--- WORK TO COMPLETE ---
Scan the entries below and extract each line with the word "cells" in it.

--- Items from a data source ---
___
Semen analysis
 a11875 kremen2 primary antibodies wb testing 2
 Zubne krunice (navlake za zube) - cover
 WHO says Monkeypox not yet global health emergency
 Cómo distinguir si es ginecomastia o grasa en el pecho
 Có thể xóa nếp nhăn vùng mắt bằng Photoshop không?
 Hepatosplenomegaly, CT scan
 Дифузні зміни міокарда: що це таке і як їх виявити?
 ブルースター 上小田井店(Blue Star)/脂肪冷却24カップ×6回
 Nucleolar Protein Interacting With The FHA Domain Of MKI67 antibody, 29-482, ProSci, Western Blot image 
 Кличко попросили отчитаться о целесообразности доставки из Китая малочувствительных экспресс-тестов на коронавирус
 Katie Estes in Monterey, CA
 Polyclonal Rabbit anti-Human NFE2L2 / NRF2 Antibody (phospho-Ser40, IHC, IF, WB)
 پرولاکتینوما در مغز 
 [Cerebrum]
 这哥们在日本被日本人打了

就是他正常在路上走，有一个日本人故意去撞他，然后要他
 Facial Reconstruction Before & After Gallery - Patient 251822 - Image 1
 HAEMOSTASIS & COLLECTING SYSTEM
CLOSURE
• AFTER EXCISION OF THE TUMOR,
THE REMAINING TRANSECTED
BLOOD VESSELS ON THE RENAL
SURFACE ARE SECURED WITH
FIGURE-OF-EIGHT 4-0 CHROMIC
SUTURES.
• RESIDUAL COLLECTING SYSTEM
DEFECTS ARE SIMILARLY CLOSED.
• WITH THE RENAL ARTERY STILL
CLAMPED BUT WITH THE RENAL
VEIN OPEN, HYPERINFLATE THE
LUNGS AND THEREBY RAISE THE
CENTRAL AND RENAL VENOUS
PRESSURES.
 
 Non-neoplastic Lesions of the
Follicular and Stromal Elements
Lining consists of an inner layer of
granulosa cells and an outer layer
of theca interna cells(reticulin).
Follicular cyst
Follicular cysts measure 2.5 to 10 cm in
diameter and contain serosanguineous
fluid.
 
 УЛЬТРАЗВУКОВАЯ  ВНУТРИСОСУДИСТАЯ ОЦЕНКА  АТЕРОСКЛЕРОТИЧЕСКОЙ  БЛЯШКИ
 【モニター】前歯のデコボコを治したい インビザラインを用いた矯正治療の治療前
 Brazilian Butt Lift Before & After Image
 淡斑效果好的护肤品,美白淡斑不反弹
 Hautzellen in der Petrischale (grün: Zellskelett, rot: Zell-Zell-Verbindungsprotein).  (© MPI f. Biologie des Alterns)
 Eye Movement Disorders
___
--- COMPLETED EXERCISE ---
granulosa cells and an outer layer
of theca interna cells(reticulin).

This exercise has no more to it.